Post: #9
(07-01-2019, 14:15)RENIA napisał(a): Zastanawialam sie czesto,z jakiego powodu tyle ludzi udziela sie na forach? No jakis powod musi byc. Szukalam odpowiedzi wszedzie.W telewizji,wikipedii, roznych poradnikach i "artykulach psychologicznych".Sprawa okazala sie bardziej prosta niz myslalam. Ogolnie biorac,ludzie chca sie dowartosciowac. Tu mnie nikt nie zna i nie widzi,moge byc tym kim chce.Oczywiscie zawsze lepszym niz jestem.Jak dostaja plusiki,ich ego rosnie., Czuja sie dowartosciowani.

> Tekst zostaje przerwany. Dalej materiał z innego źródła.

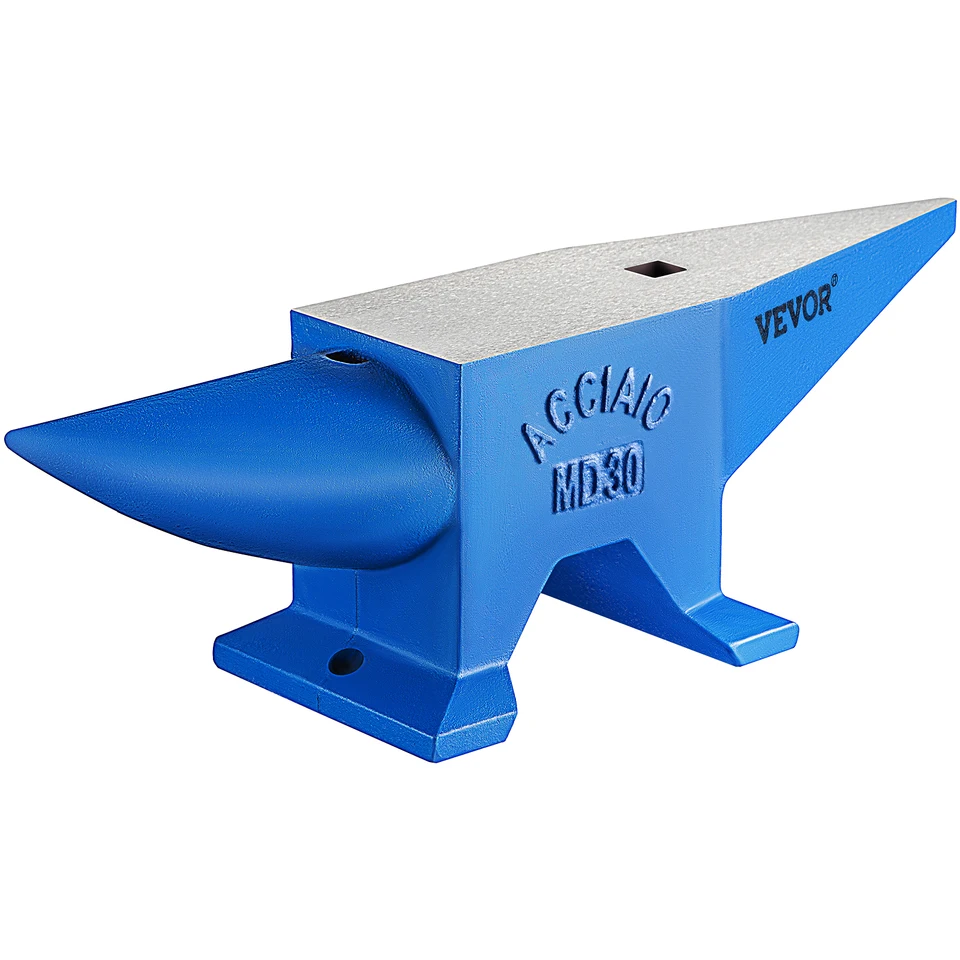 Durable 30KG Steel Round Horn Anvil for Metalworking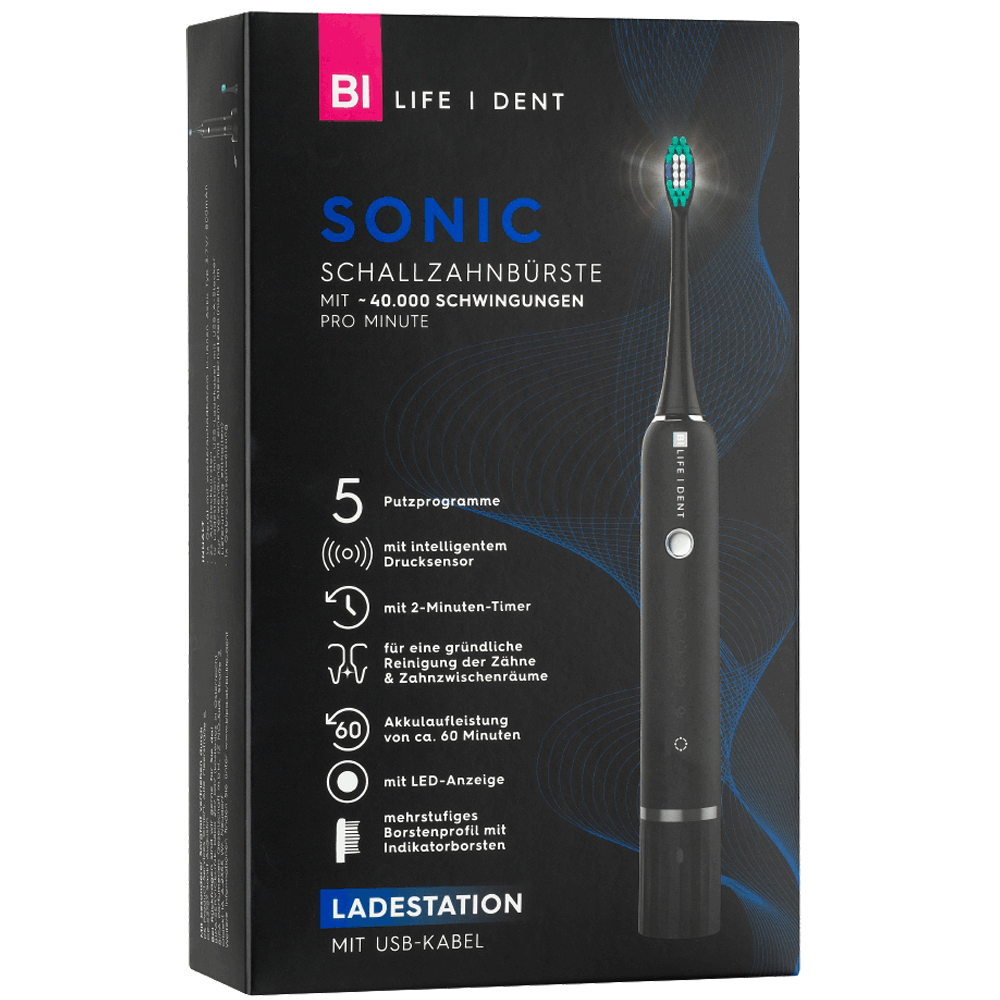 Bild: BI LIFE DENT Sonic Schallzahnbürste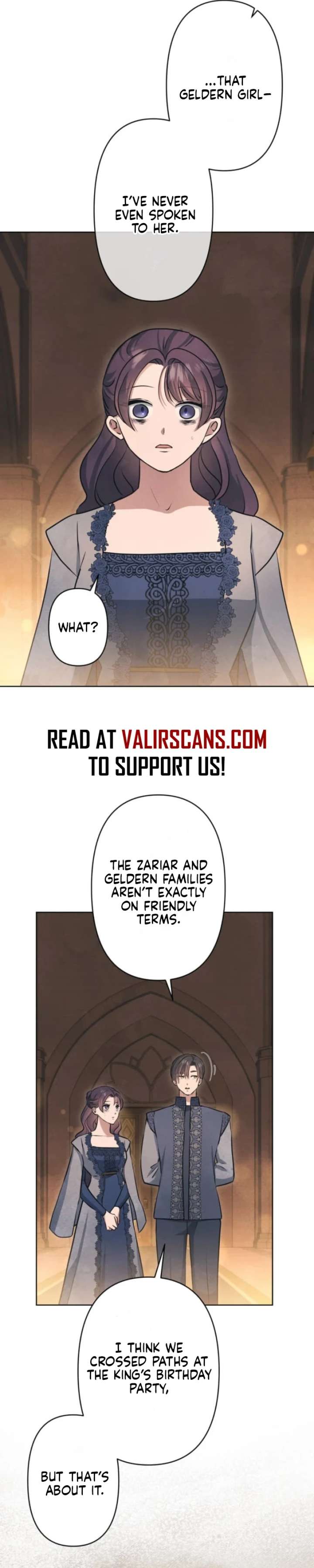 Read When My Enemies Began to Regret EN Manga Online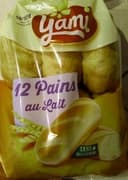 12 pain au lait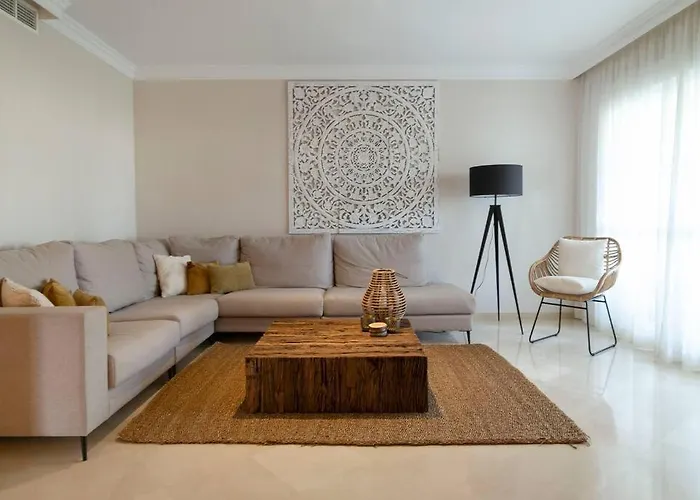 Apartament First Line Beautiful And Bright Marbella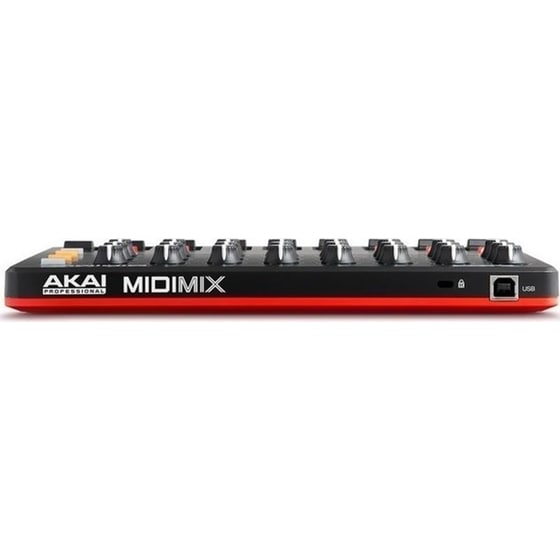 Akai Midi Controller MIDImix σε Μαύρο Χρώμα image 1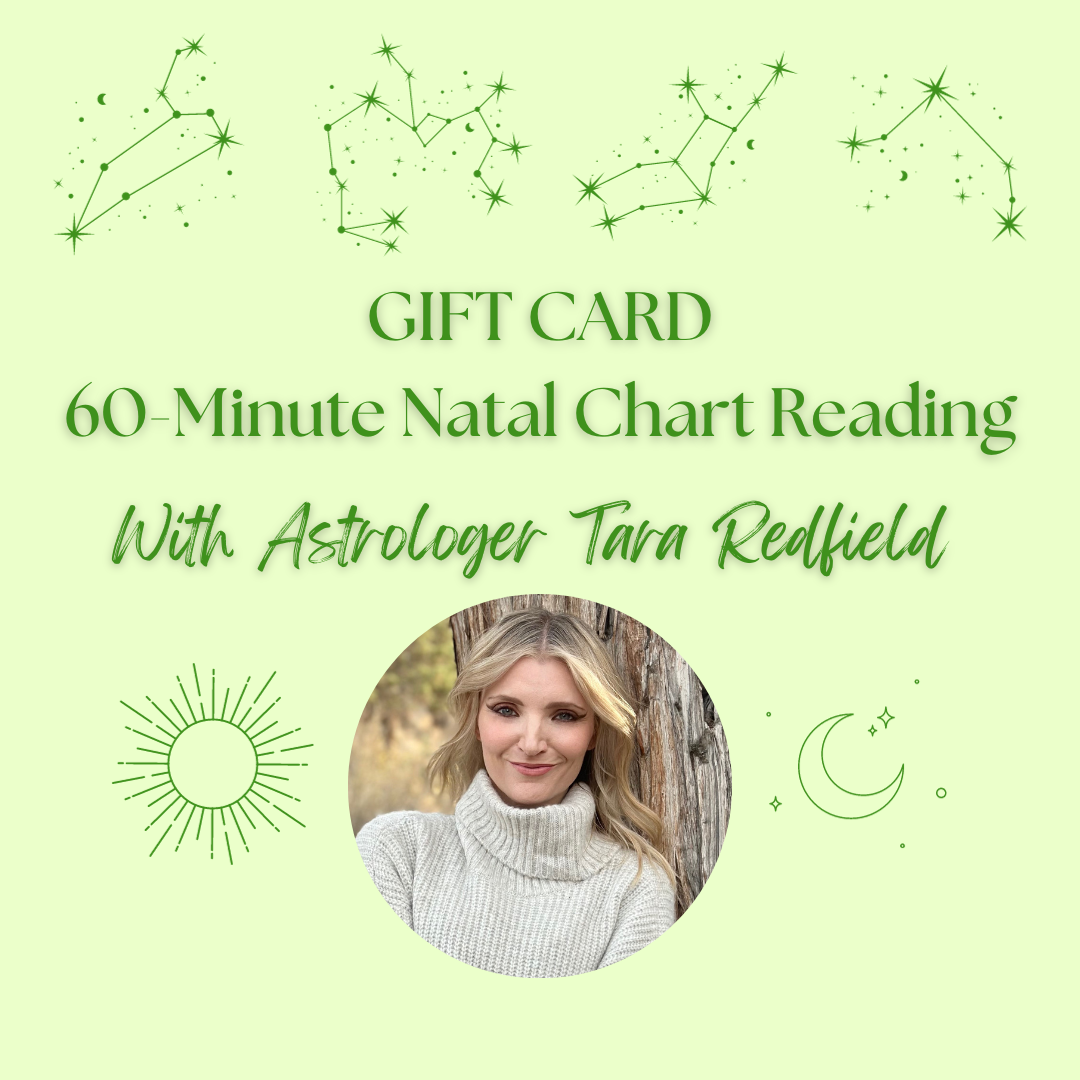 Gift Card: 60 Minute Natal Chart Reading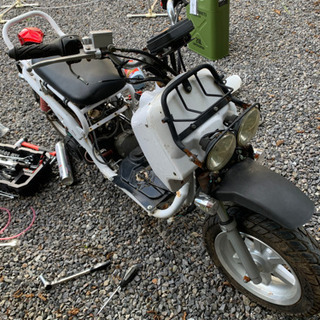 ズーマー風　不動車　低走行　124cc 値下げ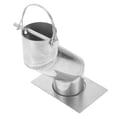 thumbnail image 1 of Miangastore Rain Chain Adapter Install Kit Stainless Steel Silver 1Pack, 1 of 8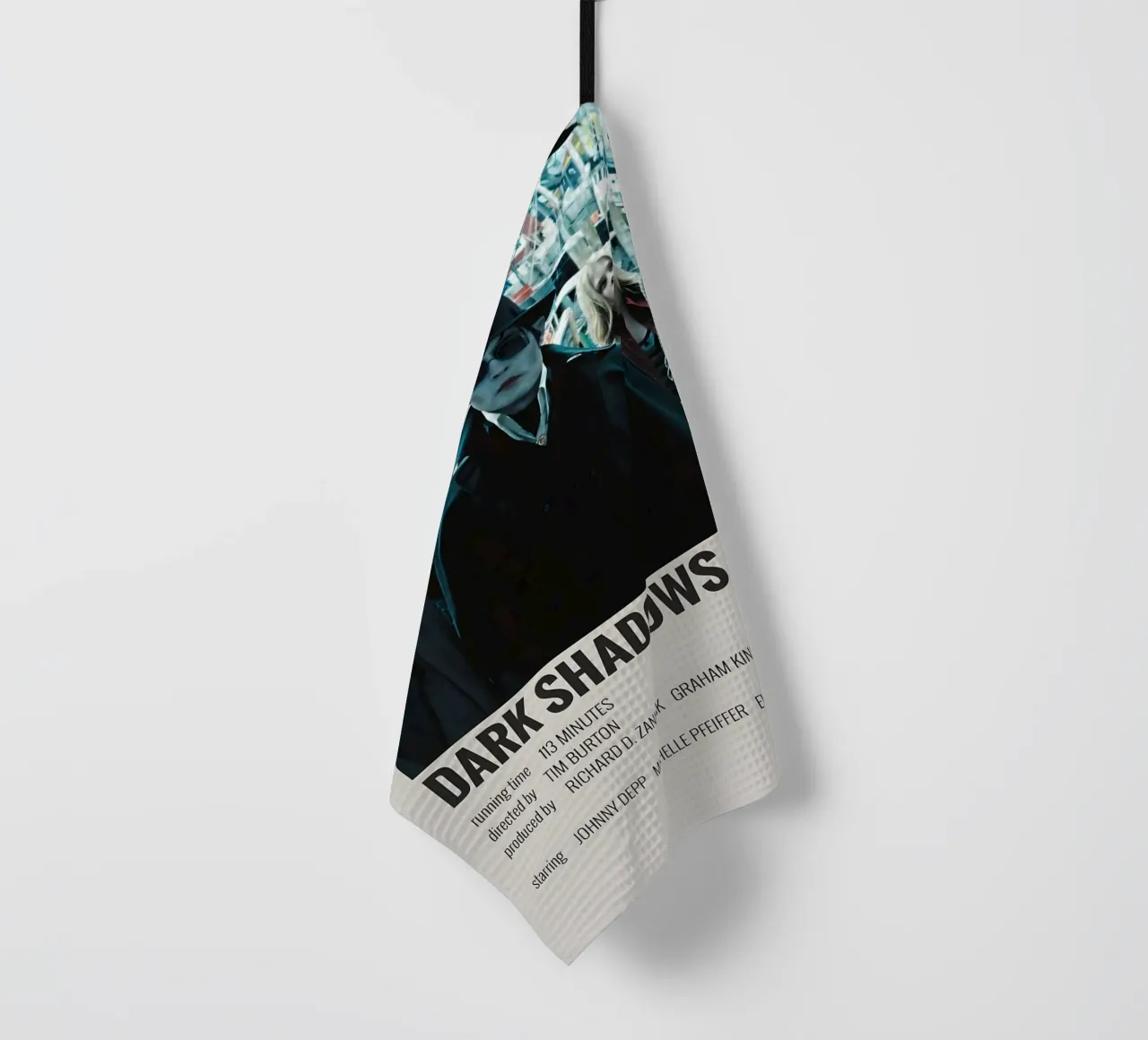 DARK SHADOWS 2012 canovaccio da cucina da MVFminimalist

Kiedy ich dopada stres,zawsze moga sie tu odreagowac.Moga byc agresywni i chamscy,bez zadnych konsekwencji.
Burza emocji,lawina obelg i zamykaja compa z wielka ulga i satysfakcja - ale im dowalilam!! Teraz mozna spokojnie zasnac i snic "sen o potedze";.).
Jezeli ktos chcialby tu przyjsc na terapie i zdemolowac mi watek,prosze bardzo.Z watkami jak z kochankami,nie bedzie ten to bedzie inny.![]()
PS.
Oczywiscie nie wszyscy przychodza na terapie. :-Sa tacy,ktorzy maja inne powody.Ciekawe moze byc,co na ten temat napisze Leon,Majam, Ferdydurke ,MaMa.
i inni bardziej zrownowazeni.Zapraszam.
No...juz samo zastanawianie się nad czymś w życiu, to mały sukces

Jednak te wymienione powody tegoż udzielania się wydają mi się mocno...dziwne.
Są to "przemyslenia" samej Reni czy tak uważa...telewizja? A może te poradniki, o których Renia pisze?
To, że w każdej społeczności znajdzie się świr, albo nawet kilku, to przecież nic nowego.
Dlaczego zatem miałoby to nie dotyczyć internetowych forów?
Oczywiście, że tutaj można udawać kogoś innego.
Pytanie: po co?
Niedawno tłumaczył to...Leon. Niestety nie zrozumiałam z tego za wiele. Więc...nadal nie wiem

Nie wiem też po co miałabym się dowartosciowac w necie?
I jak to robić?
Pisać o cenie butów i torebek? A może o tym ile się zarabia...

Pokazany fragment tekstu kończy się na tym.